On 31st October 1983, while debating on the 1984 Budget, the DAP MP for Sandakan, Fung Ket Wing, expressing concern at the possible conflict of interest arising from the proposal to establish Labuan as Federal Territory, made the following statement:
“Adalah menjadi pengetahuan umum bahawa pemilik tanah yang terbesar di Labuan adalah Ketua Menteri Sabah sendiri, Datuk Harris Salleh, yang memiliki kira-kira 70% daripada tanah di Labuan.”
On 22nd November, Datuk Harris Salleh made a denial in Parliament to Fung Ket Weng’s statement, and said:
“Dengan tegasnya saya menafikan bahawa 70% daripada tanah di Pulau Labuan kepunyaan saya. Jumlah kawasan Pulau Labuan ialah sebanyak 8,752 hectar dan saya hanya mempunyai sejumlah 147.88 hectar atau tidak lebih dari 2%”
On 23rd November, the Dewan Rakyat adopted a resolution to the Privileges Committee to “menentukan siapakah di antara kedua Ahli Yang Berhormat itu yang telah membuat kenyataan palsu di dalam Dewan ini.”
Today, we are here to debate and decide whether to accept the Privileges Committee’s finding that Fung Ket Wing had made a false statement and its recommendation that Fung be reprimanded.
Reading the Privileges Committee findings and the verbatim proceedings of the Committee, I cannot help getting the impression that the Committee had deviated from its terms of reference, which is to ascertain which of the two MPs concerned had make a false statement. The terms of reference adopted by the Dewan Rakyat in referring both Mps to the Privileges Committee made it very clear that this is not the case of one MP making an accusation against another, and he being required to prove his allegation. This is a case where two MPs made two conflicting claims, Fung saying that Harris Salleh own some 70 per cent of the land in Labuan while Harris Salleh claiming that he did not own more than 2 per cent if Labuan island, and the Privileges Committee required to ascertain who has made a false statement.
If Fung Ket Wing cannot prove his 70% claim, then he had made a false statem,ent; and of Harris Salleh could not prove that he had not more than 2% of Labuan land, he had also made a false statement.

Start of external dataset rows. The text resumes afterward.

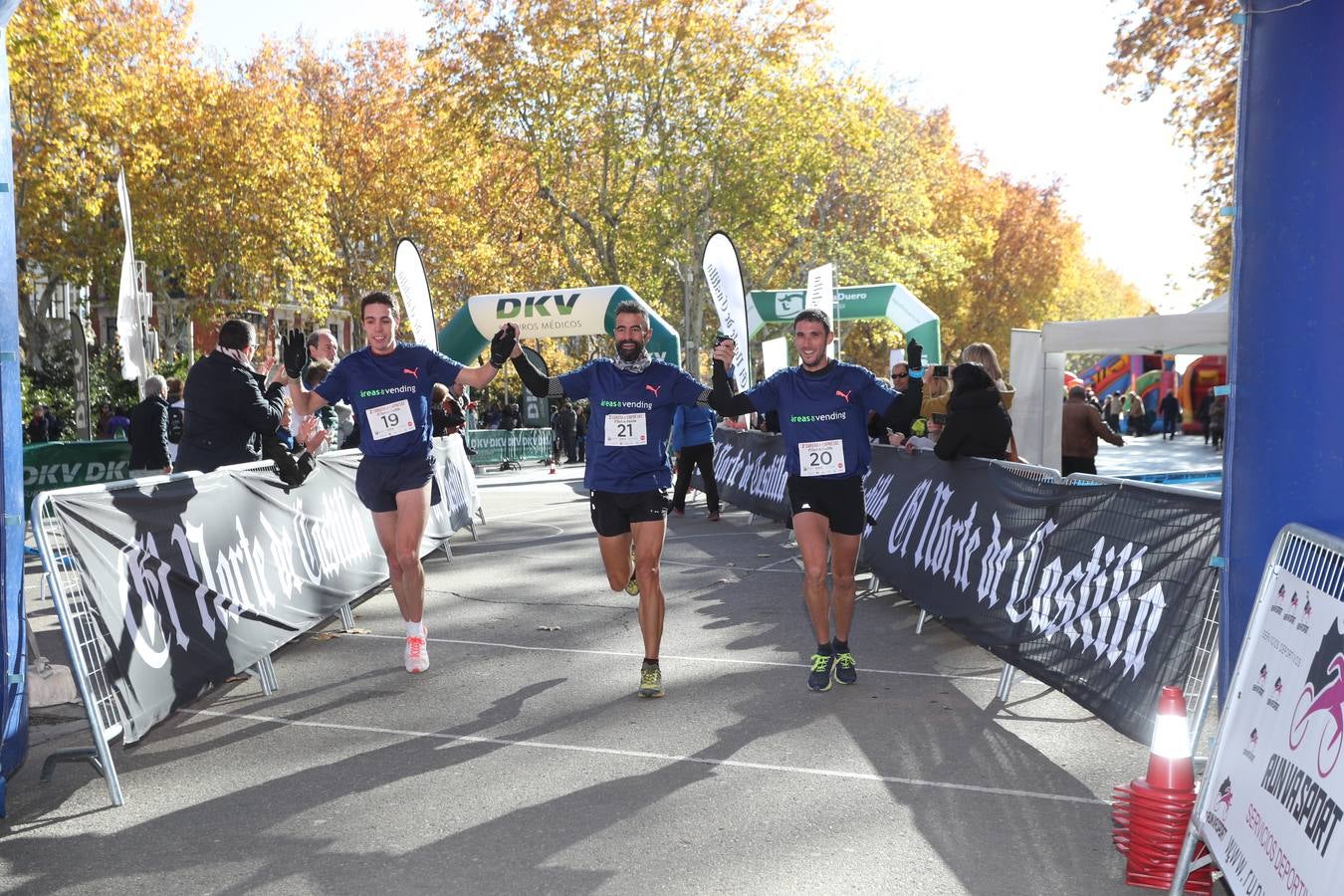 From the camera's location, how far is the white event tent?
16156 mm

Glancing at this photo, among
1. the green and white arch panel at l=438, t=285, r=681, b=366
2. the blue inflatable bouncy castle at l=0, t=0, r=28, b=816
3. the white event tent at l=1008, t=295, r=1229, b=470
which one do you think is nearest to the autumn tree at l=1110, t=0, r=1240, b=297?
the white event tent at l=1008, t=295, r=1229, b=470

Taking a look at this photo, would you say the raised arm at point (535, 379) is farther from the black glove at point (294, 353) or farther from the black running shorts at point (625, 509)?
the black glove at point (294, 353)

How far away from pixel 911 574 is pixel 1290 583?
16.3 ft

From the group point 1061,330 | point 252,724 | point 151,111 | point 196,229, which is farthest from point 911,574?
point 196,229

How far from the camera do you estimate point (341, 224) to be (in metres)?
40.9

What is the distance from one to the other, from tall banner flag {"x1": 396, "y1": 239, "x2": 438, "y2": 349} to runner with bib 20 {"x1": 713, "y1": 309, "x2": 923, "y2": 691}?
1145 cm

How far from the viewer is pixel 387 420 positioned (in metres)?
6.91

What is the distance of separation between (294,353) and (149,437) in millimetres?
6186

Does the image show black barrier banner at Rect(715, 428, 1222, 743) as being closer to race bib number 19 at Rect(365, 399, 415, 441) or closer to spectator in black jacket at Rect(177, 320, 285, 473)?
race bib number 19 at Rect(365, 399, 415, 441)

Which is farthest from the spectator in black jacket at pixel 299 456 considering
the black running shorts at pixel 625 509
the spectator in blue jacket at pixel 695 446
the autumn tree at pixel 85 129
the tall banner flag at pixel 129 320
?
the autumn tree at pixel 85 129

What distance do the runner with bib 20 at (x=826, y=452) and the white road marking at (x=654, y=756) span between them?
1428 mm

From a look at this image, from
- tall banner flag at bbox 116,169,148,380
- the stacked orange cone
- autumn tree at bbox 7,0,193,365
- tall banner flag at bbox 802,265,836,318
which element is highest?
autumn tree at bbox 7,0,193,365

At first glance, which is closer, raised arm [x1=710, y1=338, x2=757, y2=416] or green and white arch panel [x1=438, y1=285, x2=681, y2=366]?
raised arm [x1=710, y1=338, x2=757, y2=416]

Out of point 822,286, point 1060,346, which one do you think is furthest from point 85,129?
point 1060,346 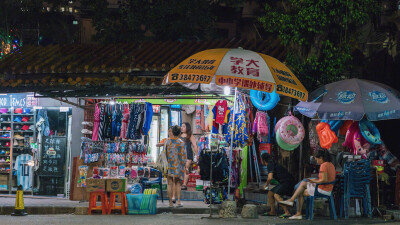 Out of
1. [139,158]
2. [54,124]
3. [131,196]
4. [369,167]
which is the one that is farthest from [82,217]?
[369,167]

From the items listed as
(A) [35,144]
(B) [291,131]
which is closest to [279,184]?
(B) [291,131]

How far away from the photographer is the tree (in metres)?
16.6

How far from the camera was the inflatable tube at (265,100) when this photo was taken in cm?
1562

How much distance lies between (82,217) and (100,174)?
2710 mm

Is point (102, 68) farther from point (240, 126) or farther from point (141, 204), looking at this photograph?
point (141, 204)

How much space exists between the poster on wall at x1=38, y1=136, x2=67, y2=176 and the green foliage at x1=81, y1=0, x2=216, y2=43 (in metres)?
6.06

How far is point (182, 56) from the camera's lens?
1738cm

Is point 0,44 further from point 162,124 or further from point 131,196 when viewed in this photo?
point 131,196

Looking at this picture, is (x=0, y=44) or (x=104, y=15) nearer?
(x=0, y=44)

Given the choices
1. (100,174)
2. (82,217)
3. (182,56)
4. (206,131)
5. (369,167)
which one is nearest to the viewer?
(82,217)

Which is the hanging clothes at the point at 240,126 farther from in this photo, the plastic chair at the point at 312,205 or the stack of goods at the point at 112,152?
the plastic chair at the point at 312,205

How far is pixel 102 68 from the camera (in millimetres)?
16844

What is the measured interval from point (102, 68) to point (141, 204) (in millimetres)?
4466

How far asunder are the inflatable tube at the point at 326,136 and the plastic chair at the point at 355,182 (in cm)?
173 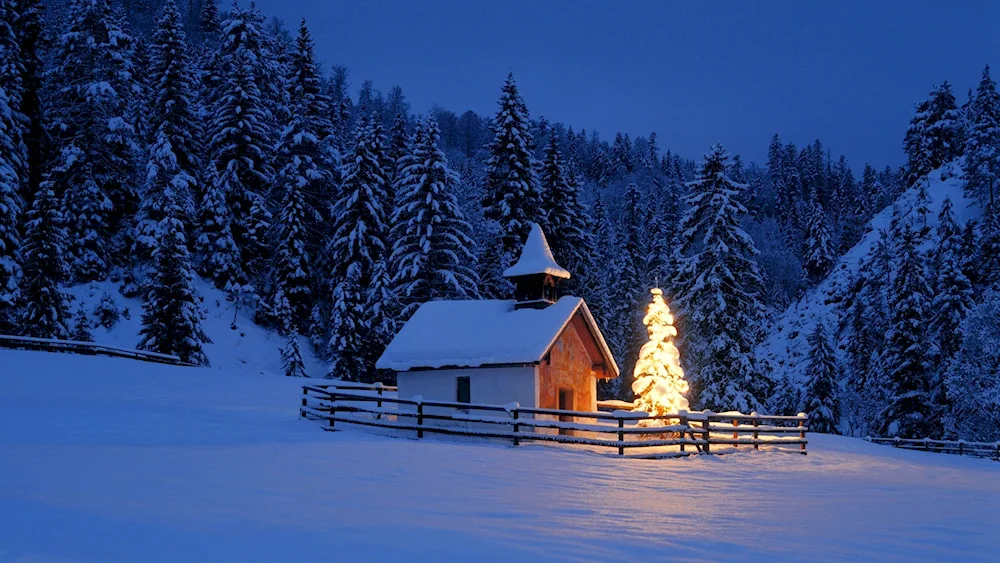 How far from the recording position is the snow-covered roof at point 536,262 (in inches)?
1265

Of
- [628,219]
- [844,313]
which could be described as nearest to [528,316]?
[628,219]

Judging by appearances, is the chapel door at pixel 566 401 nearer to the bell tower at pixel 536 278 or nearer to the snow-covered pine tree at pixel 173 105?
the bell tower at pixel 536 278

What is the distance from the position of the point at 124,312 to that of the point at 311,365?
12200mm

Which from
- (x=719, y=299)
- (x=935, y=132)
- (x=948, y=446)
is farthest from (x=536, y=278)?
(x=935, y=132)

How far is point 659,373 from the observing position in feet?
96.7

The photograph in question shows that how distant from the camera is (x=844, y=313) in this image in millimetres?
79312

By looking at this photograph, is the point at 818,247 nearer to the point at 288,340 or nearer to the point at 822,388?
the point at 822,388

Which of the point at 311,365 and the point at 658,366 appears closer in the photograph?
the point at 658,366

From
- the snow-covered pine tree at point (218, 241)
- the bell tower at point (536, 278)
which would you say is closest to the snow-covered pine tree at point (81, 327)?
the snow-covered pine tree at point (218, 241)

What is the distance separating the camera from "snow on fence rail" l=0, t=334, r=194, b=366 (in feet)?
127

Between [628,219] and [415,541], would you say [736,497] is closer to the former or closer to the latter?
[415,541]

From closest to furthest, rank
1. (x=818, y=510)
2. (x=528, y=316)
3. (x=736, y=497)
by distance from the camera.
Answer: (x=818, y=510) < (x=736, y=497) < (x=528, y=316)

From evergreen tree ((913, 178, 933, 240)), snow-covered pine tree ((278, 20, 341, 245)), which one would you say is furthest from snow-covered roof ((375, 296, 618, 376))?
evergreen tree ((913, 178, 933, 240))

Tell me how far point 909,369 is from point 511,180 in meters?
26.6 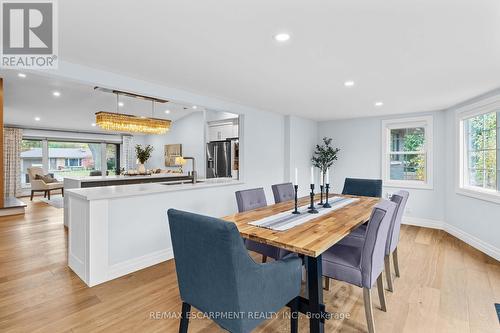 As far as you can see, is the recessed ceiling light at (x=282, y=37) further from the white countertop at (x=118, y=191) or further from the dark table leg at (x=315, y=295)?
the white countertop at (x=118, y=191)

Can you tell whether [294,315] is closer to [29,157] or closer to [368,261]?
[368,261]

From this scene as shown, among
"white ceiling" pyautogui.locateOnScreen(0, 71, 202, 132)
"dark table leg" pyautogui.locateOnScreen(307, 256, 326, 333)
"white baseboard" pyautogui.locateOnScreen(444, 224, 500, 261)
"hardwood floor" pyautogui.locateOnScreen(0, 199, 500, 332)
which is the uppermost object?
"white ceiling" pyautogui.locateOnScreen(0, 71, 202, 132)

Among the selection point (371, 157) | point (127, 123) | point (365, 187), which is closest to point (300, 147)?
point (371, 157)

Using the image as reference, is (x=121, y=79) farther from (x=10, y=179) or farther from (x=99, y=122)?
(x=10, y=179)

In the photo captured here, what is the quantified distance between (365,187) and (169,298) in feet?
10.1

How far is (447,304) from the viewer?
7.12ft

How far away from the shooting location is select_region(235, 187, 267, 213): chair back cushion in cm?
263

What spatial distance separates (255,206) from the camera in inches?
111

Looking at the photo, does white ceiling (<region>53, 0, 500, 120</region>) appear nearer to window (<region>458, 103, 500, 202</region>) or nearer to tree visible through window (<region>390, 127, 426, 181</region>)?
window (<region>458, 103, 500, 202</region>)

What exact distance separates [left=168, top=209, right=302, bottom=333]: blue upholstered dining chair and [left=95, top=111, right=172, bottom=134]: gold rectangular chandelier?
3.72m

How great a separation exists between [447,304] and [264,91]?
301 centimetres

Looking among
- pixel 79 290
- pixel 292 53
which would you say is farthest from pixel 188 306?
pixel 292 53

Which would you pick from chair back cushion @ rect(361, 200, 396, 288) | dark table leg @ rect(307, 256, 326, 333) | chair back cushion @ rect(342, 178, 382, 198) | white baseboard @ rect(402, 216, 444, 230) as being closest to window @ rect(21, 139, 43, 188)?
chair back cushion @ rect(342, 178, 382, 198)

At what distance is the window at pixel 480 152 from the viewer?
3.40m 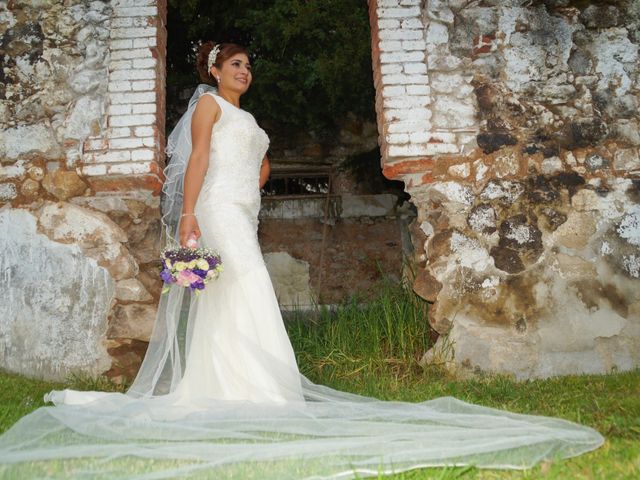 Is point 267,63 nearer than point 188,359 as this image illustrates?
No

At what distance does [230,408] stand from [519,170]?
8.68 feet

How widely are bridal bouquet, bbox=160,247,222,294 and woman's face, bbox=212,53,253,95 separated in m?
1.17

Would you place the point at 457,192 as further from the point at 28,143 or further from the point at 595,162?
the point at 28,143

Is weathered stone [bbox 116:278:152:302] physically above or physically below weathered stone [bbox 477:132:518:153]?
below

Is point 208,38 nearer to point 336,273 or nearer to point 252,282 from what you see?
point 336,273

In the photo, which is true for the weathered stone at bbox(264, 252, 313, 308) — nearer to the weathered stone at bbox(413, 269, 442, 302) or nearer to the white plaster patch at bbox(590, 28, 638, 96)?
the weathered stone at bbox(413, 269, 442, 302)

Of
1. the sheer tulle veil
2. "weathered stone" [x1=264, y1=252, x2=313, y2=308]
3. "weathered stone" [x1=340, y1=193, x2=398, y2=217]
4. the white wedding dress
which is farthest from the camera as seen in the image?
"weathered stone" [x1=340, y1=193, x2=398, y2=217]

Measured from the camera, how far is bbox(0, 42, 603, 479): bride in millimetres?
2301

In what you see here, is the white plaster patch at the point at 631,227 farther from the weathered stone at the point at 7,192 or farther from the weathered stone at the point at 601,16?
the weathered stone at the point at 7,192

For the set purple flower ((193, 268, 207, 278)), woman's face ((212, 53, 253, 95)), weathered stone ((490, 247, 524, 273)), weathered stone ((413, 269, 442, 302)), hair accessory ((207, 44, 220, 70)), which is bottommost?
weathered stone ((413, 269, 442, 302))

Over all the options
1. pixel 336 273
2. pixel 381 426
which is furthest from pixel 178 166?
pixel 336 273

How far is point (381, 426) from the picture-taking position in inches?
106

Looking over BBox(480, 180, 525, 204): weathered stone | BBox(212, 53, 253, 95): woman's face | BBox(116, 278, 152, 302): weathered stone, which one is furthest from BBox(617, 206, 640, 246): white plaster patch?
BBox(116, 278, 152, 302): weathered stone

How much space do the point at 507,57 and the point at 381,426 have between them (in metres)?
3.01
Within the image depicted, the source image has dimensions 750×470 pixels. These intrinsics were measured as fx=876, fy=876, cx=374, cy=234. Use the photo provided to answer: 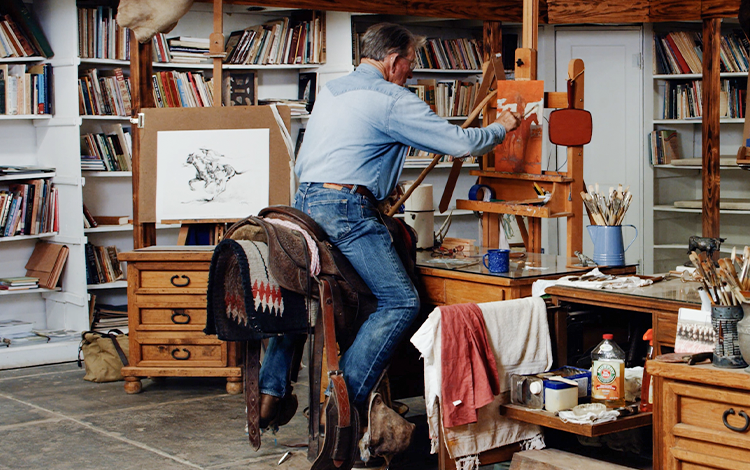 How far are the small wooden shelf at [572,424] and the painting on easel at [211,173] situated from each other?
2.36m

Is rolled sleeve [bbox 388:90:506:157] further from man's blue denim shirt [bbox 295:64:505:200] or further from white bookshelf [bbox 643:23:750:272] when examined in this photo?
white bookshelf [bbox 643:23:750:272]

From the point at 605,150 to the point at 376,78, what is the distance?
4048mm

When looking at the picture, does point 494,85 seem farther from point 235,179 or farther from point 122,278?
point 122,278

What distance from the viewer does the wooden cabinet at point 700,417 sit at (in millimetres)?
2209

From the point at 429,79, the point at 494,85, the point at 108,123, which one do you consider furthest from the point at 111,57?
the point at 494,85

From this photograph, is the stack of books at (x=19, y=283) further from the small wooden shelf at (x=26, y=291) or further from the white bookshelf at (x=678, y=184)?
the white bookshelf at (x=678, y=184)

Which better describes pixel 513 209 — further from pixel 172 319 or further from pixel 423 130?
pixel 172 319

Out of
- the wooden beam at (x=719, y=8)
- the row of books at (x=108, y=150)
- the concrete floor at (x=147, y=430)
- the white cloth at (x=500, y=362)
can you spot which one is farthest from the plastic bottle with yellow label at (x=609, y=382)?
the wooden beam at (x=719, y=8)

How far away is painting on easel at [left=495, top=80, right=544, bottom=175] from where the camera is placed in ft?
12.6

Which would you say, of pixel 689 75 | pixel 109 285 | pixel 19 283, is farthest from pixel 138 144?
pixel 689 75

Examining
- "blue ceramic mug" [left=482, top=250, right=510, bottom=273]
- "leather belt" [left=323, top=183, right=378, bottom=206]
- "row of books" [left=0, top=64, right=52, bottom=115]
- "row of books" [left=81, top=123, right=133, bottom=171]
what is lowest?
"blue ceramic mug" [left=482, top=250, right=510, bottom=273]

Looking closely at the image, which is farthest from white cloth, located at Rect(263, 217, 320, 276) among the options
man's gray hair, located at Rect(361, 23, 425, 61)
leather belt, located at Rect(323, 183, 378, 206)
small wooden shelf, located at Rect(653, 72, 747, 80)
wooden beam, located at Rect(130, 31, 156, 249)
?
small wooden shelf, located at Rect(653, 72, 747, 80)

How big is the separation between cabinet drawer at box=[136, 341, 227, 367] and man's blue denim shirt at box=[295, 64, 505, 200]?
149 cm

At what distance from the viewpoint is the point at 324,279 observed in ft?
10.4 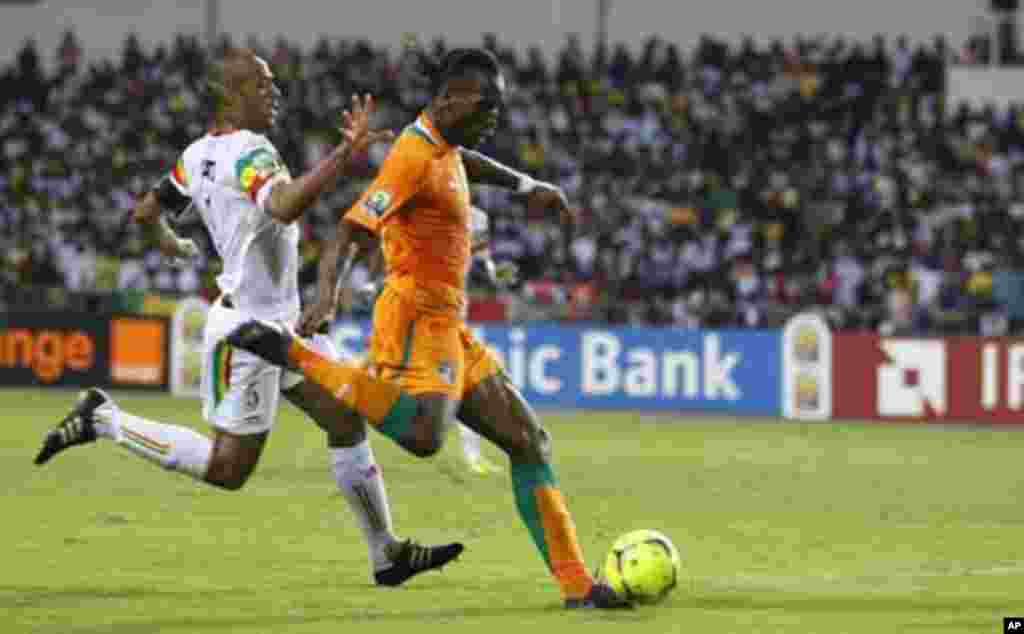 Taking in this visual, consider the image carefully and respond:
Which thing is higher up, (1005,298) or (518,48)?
(518,48)

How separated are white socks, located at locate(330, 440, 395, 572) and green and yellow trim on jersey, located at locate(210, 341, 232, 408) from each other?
2.40ft

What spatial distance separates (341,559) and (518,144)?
2383 cm

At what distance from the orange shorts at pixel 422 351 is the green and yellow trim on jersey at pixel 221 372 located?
0.69m

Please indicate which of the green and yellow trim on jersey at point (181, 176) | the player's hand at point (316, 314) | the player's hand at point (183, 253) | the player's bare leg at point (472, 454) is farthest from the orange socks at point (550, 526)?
the player's bare leg at point (472, 454)

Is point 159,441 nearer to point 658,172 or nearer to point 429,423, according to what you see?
point 429,423

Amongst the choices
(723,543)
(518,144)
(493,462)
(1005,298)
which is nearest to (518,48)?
(518,144)

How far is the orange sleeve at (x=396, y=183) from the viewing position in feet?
28.8

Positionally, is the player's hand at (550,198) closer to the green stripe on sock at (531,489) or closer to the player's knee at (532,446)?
the player's knee at (532,446)

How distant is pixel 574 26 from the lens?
39.7m

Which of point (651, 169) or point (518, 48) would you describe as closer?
point (651, 169)

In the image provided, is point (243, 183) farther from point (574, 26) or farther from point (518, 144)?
point (574, 26)

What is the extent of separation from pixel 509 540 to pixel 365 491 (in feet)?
7.20

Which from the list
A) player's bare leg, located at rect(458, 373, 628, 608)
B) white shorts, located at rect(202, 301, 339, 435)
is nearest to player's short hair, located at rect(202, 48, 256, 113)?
white shorts, located at rect(202, 301, 339, 435)

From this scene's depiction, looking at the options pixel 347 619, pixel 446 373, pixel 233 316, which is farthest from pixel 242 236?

If both could not at the same time prove their respective claims, then both had made false statements, and both should be equally reprimanded.
The Privileges Committee is wrong therefore to give this case the title:
Y.B.Tuan Fung Ket Wing .. .. .. .. Yang Mendakwa
T.B.Datuk Harris bin Mohd.Salleh .. .. Yang Menjawab.
It is from a complete misreading of the terms of reference of the Dewan Rakyat motion to refer Fung Ket Wing and Harris Salleh to the Privileges Committee, that the Committee required Fung to prove his 70% claim, while not making a similar requirement on Harris Salleh to prove his ‘not more than 2%’ claim.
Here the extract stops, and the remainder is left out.